En fait, tant qu’avoir le bac est plus important qu’avoir assimilé les connaissances qu’il est sensé valider, il me semble assez compréhensible que certain(e)s trichent pour l’obtenir.
Avoir le diplôme. Plus que la connaissance. C’est ça le vrai problème, c’est pour ça qu’on triche. Il faut que tu aies ton bac, mon fils.
Si le savoir primait sur le papelard, tricher ne servirait à rien : à la première occasion, sorti de l’école avec son diplôme mal acquis, le tricheur serait démasqué, son ignorance dévoilée au monde par son incompétence. Sauf que ce n’est pas ce qui se passe. C’est comme si le diplôme avait le pouvoir magique de rendre l’ignorance, l’incompétence ou la connerie la plus abrutissante tout simplement invisibles et dotait, en échange, son porteur de toutes les qualités — Abracadrapouf
yes. Comme ça, d’un coup.
La France est laïque. Mais elle a pourtant une religion non officielle qui imprègne toutes les classes sociales : le culte du diplôme. Le saint diplôme, le sésame qui ouvre les portes du travail. L’assurance job.
Ca a été un véritable choc pour moi, quand j’ai débarqué en France, de réaliser qu’il me fallait montrer mon diplôme juste pour espérer pouvoir postuler à tel ou tel travail. Sans diplôme, tu n’es rien. T’as pas de diplôme ? Tu peux crever, connard (en gros).
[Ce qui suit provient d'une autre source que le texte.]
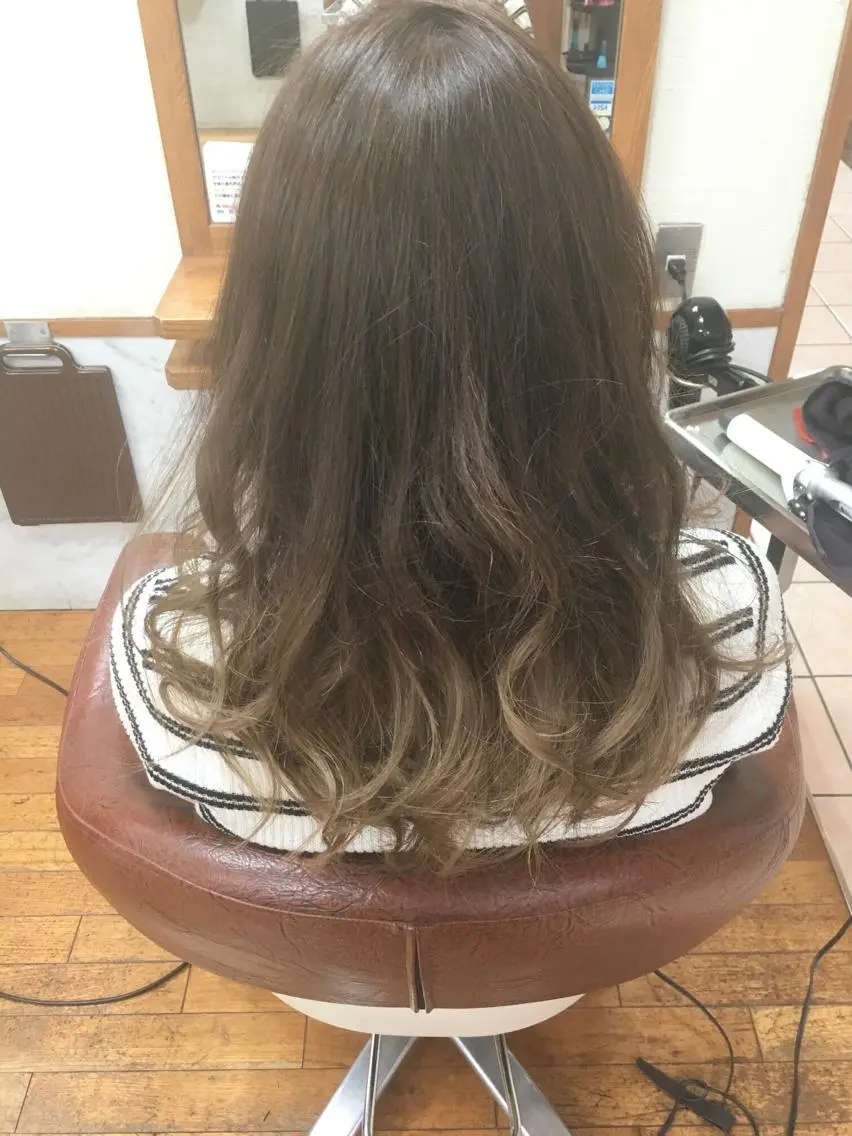 セミロング カラー ベージュカラー グラデーションカラー ディレクター ノナカのヘアスタイル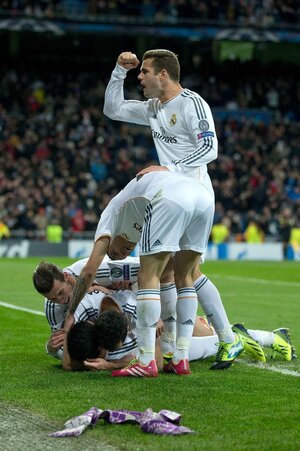 Isco (ground) Angel Di Maria (R), Alvaro Arbeloa (2ndR) Gareth Bale (L) and Nacho (on top).jpeg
Et tout le monde semble considérer ça comme normal. Les parents qui poussent au cul de leurs enfants non pas pour développeur leur intelligence, leur culture ou encore leur capacité analytique mais pour “avoir le bac”, les magazines qui publient des méthodes pour réussir — pas pour mieux “comprendre” mais pour “réussir l’examen” — et les éditeurs qui publient des ouvrages synthétisant les matières pour savoir quoi régurgiter et quand pour satisfaire les correcteurs (tout Kant en deux pages, roule ma poule tu l’auras ton examen). Les magazines (encore eux) qui publient des dossiers pour savoir quelles écoles s’offrent au jeune bachelier, ou au pauvre “pas bachelier”. Les entreprises, qui regardent le diplôme avant de s’intéresser à son porteur. Etc.
Pourtant, un diplôme ce n’est pas ça. Cela ne devrait pas être un ticket gagnant pour gagner un job, le prix à payer pour avoir un salaire. Un diplôme, c’est censé valider les connaissances acquises. Rien de plus :
“L’élève Dugommier a réussi son examen de mathématiques, il est donc apte à faire des additions”.
C’est très différent de :
“L’élève Dugommier a réussi son examen de mathématiques, il sera donc banquier, comptable ou spéculateur”.
Rendez au diplôme son rôle premier et vous limiterez la nécessité de tricher pour l’obtenir.
Si votre enfant a triché: réjouissez-vous: c’est l’indice qu’il a compris que nous visons dans un monde où il n’y a plus de place pour l’échec ou l’incertitude, où tous les moyens sont bons pour réussir. (Y compris mettre en péril la réussite de tous les autres étudiant(e)s qui passent le bac en même temps que lui).
Je parlais d’hypocrisie : qui aura l’indécence de reprocher à des jeunes gens de tout faire pour essayer de trouver un job à notre époque ? Quand toute la société est en adoration devant le saint Travail, alors que même le chef de l’Etat voue un culte à l’idée de travailler jusqu’à l’âge du cercueil ou presque. Quand tout le monde ou presque considère le chômage comme une déchéance sociale (alors qu’il ne s’agit jamais que de ne pas avoir de travail) ? Alors que, bien plus que le droit de vote, c’est le volume de ta paye (et la taille de la carte de visite) qui tient lieu de véritable pouvoir. Quand la tricherie elle-même — celle des banques qui ne font de profit qu’en baisant leurs clients ou celle des entreprises qui trouvent toujours un moyen de contourner les lois, celle des politiciens magouilleurs ou celles des stars de la chanson ou du sport qui savent comment ne pas payer d’impôts — est célébrée et récompensée jour après jour ?
Oui, mais c’est ainsi. On n’y peut rien, David !
Bien sûr que si.
S’il y a un responsable à ce “problème” de triche, je suggère à tous les parents (et à chacun de nous aussi) de le chercher devant un miroir.
Je vous avais prévenu, je suis naïf. Inépuisablement.